The minister noted that opposition from sections of the public have in the past hindered the introduction of the language into classrooms due to the ugly history of Kiswahili in the country. In the past, many Ugandans, especially those who grew up in the 1960s and 1970s, strongly opposed Kiswahili because they associated the language with death and destruction. To some, it was a language of thieves.
However, Baryomunsi says to benefit from the ongoing integration of the East African Community, there is a need to sensitize Ugandans that this language is important.
//Cue in; “One of the…
Cue out…East African Community.”//
The introduction of compulsory Kiswahili lessons is not new. The idea first came up in the 1992 government white paper on the education policy review commission report. It was recommended that both Kiswahili and English be compulsory subjects throughout the primary cycle in both rural and urban schools.
The ministry of education introduced the language in the Uganda primary school curriculum in 2000 but all remained in ink as its teaching in school remained minimal. Over the years, its implementation became one of the speaking points of government officials.

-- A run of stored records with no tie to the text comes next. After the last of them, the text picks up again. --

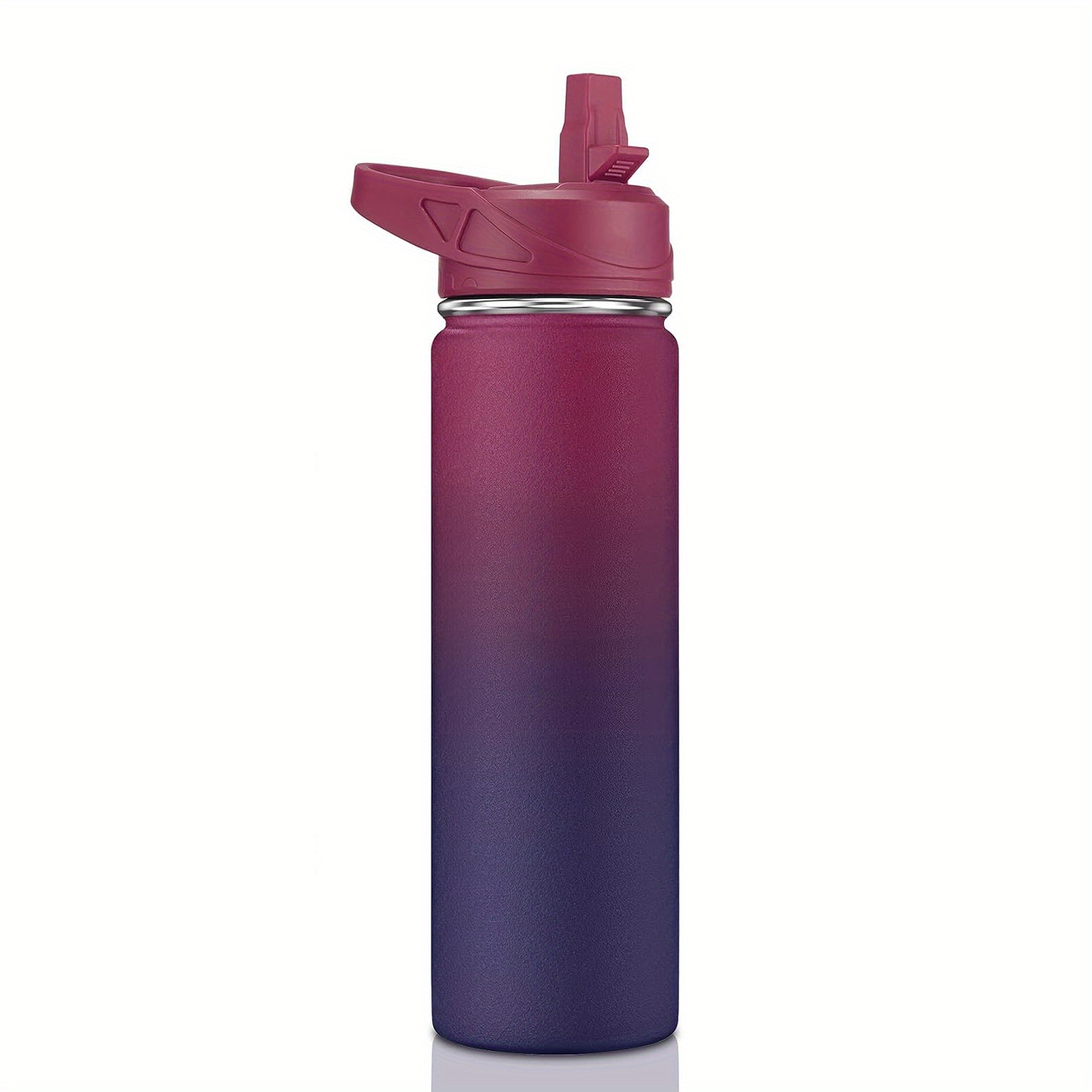 1pc Light Pink Stainless Steel Insulated Water Bottle, Sports Outdoor  Double Wall Vacuum Cup Suitable For Gym Cycling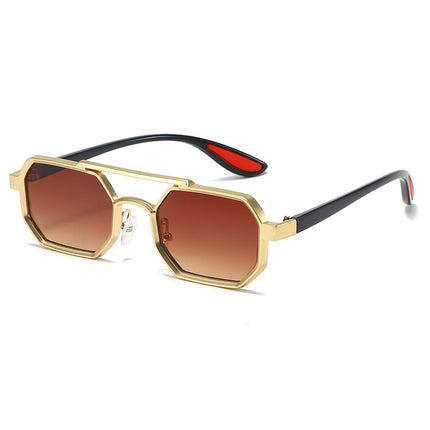 Double Beam Fashion Metal Sunglasses Retro Cross-border Trendy Glasses Internet Popular Sunglasses for Men and Women sunglasses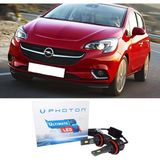 Photon Opel Corsa E LED Xenon Kısa Far Ampulü H7 Ultimate 9500 Lumens Yeni Seri Beyaz 2014-2019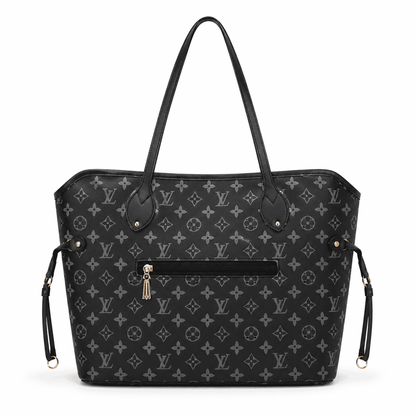 Black Monogram Tote Bag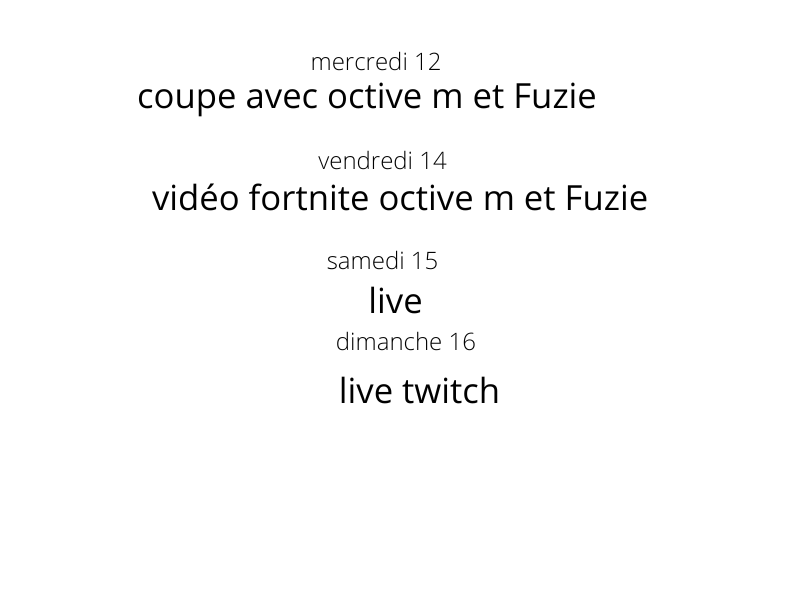 octive_m's tweet photo. planning de la semaine prochaine https://t.co/cW1YtmlAMc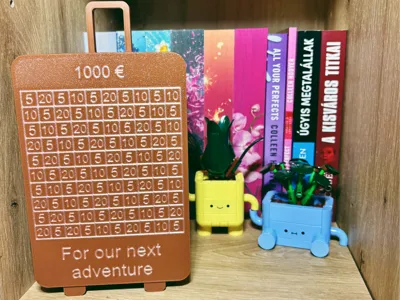 Adventure Savings Suitcase – 1000€ Money Challenge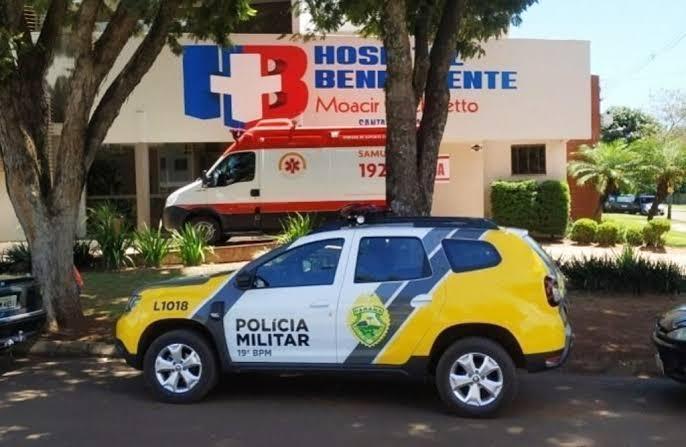 Mulher é levada ao hospital após ser agredida por homem em Santa Helena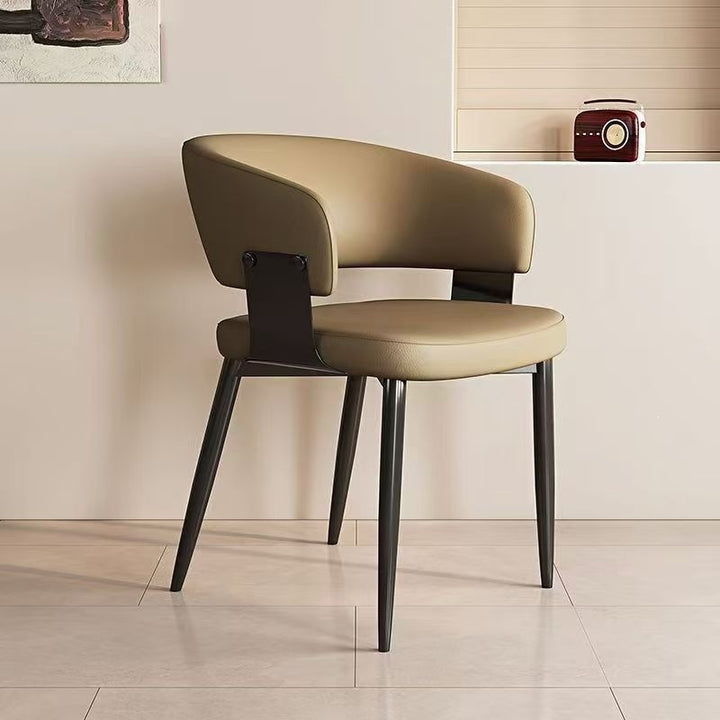 Contemporary Floral Accent Dining Chair Kalsten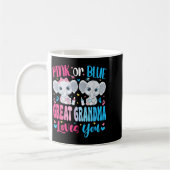 Oma liebt dich - Pink oder Blau Geschlechtsenthüll Kaffeetasse (Links)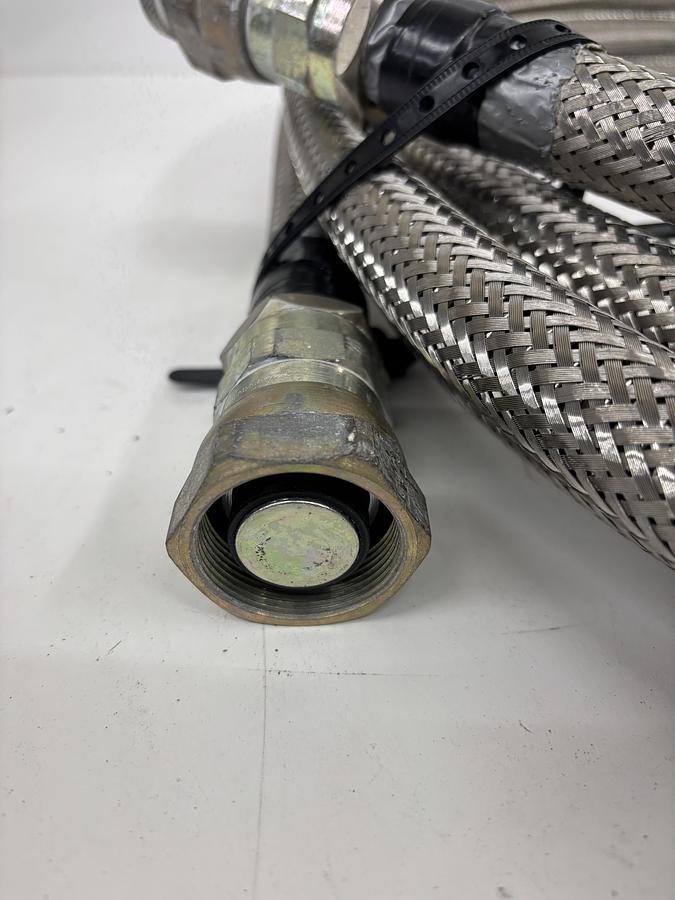 Used Bruker Helium Hose 25FT w/ Aeroquip 5400-S5-12 Fitting [Bruker MRI]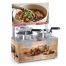 Nemco 6510A-2D4, 4 Qt Double Well Soup Warmer with Header, 1000W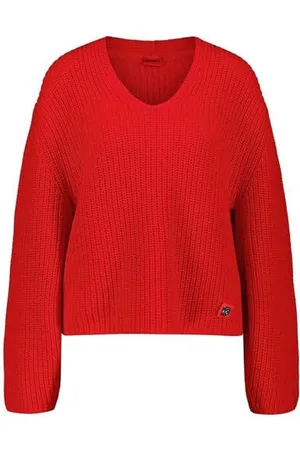 HUGO BOSS Damska bluza z dzianiny w kolorze różowym, , XL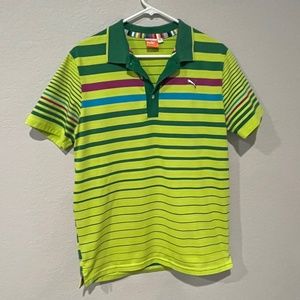 Puma Sports Men's Short Sleeve Polo Shirt USP Dry - Men's M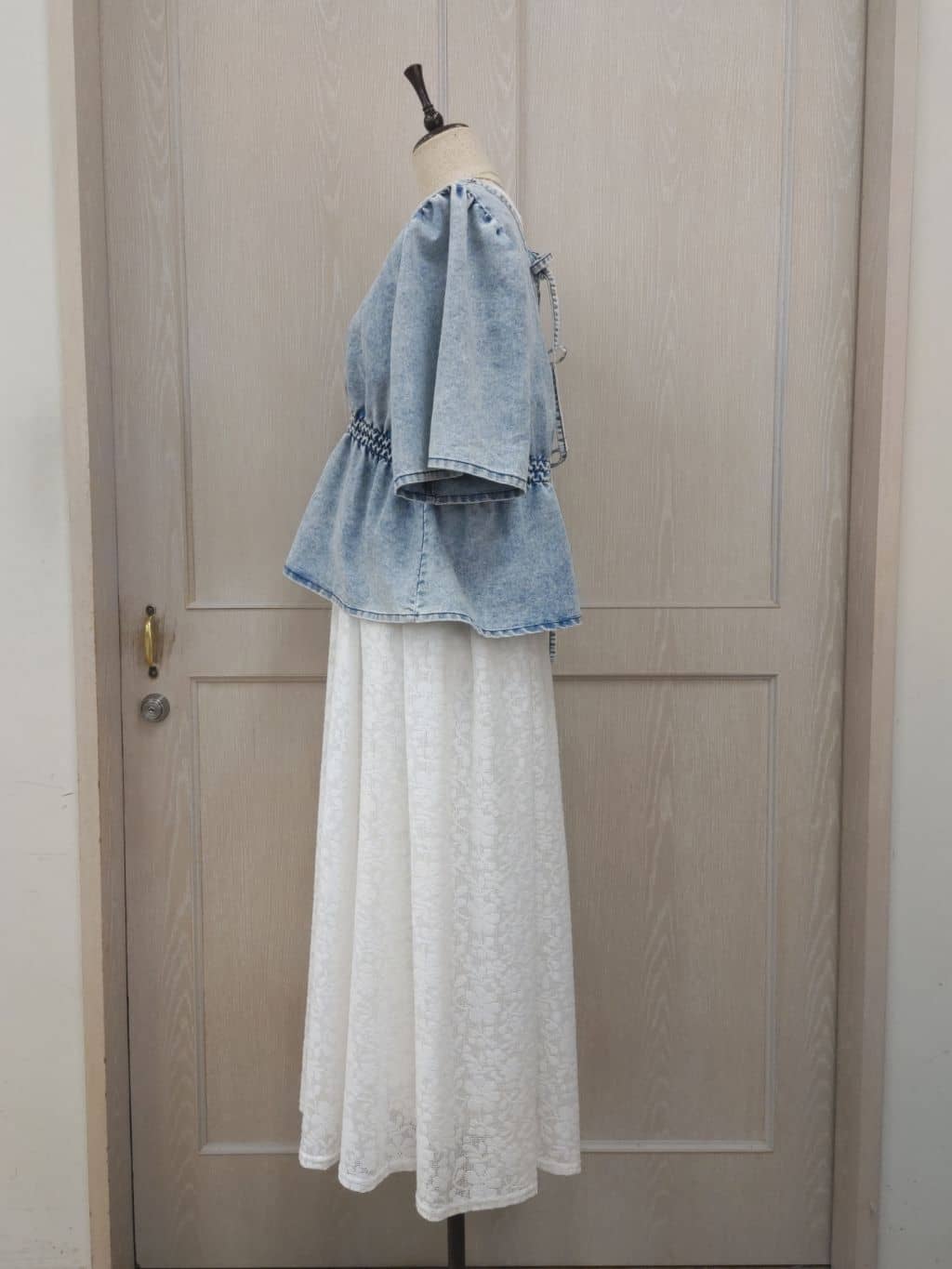 naoさんの「SHOO･LA･RUE｜◆【高レビュー/累計販売35万足突破】片手ではけるサンダル シューダル 25SS」を使ったコーディネート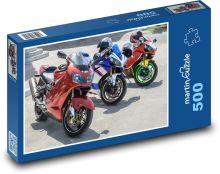 Silniční motocykly Puzzle 500 - 46x30 cm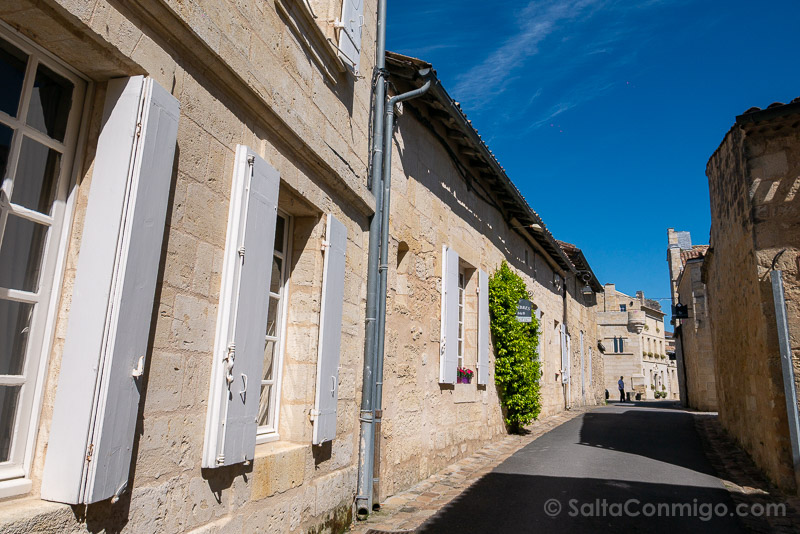 Que Hacer en Saint-Emilion Callejuela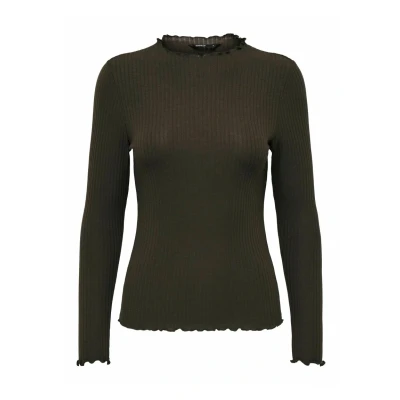 Abbildung von ONLY Onlemma HIGH NECK Strickpullover, Damen, Größe: Medium, Demitasse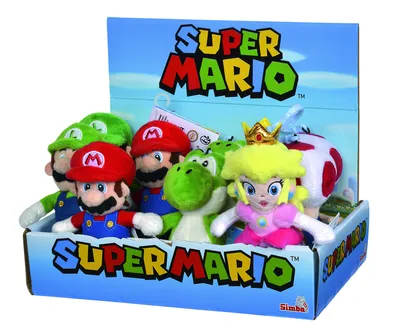 Immagine prodotto di Portachiavi in peluche Super Mario, 12,5 cm, 5 tipi, DP12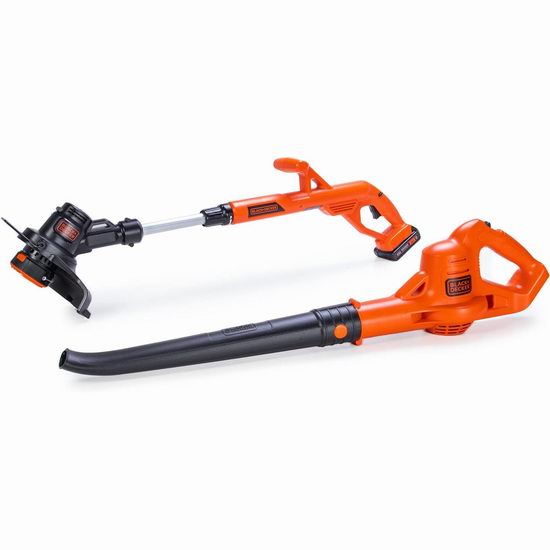  历史新低！BLACK+DECKER LCC221-CA 20V Max 10英寸无绳草坪修边机+吹扫机7.4折 117.12加元包邮！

In 2016, the then East African Affairs Minister, Shem Bageine said Swahili would be compulsory from primary to University level effective 2018 but this wasn’t possible because of the absence of a regulatory framework and resources.
Dr. Jane Egau, the Director for Higher Technical Vocational Education and Training in the Ministry of Education and Sports, says that in the previous years it was not possible to introduce Kiswahili in schools without the requisite resources, including teachers and teaching materials.
She says that in preparation for the phasing introduction of Swahili teaching, the teacher education department at the education ministry has been stepping up enrollment of Kiswahili teachers in training colleges.
In addition to these efforts, Egau adds that the National Curriculum Development Centre- NCDC has now trained some 450 master trainers to help in rolling out teaching in teacher training institutions to prepare for a massive rollout in primary schools.
//Cue in; “We are already…
Cue out…Swahili is key.”//
At the secondary level, Kiswahili is one of the compulsory subjects in senior one and two but very few schools offer it. Grace Baguma, the director of NCDC, notes that if secondary schools have failed to implement the teaching of this language, it will be difficult for their counterparts in primary to do so.
“We have a problem. Many schools don’t teach subjects that are not assessed by UNEB. I will give you an example, primary schools now teach only four subjects leaving the rest of the learning areas in the curriculum. I will be open to you, to have this subject taught effectively in primary schools it needs to be examined,” she said.
Dr. Baguma further added that NCDC has already been working with UNEB to see how better the language can be assessed.
//Cue in; “We have been…
Cue out…get there.”//
Commenting on examining the language at the primary level, Dan Odongo, the UNEB Executive Director, told our reporter that the board is ready and waiting for formal instructions from the ministry of education to take up the task.
//Cue in; “Yes, we will…
Cue out…the resources. ”//
However, even before the ministry of education passes an instruction, Dr. Baryomunsi has clarified that the language is going to be examinable.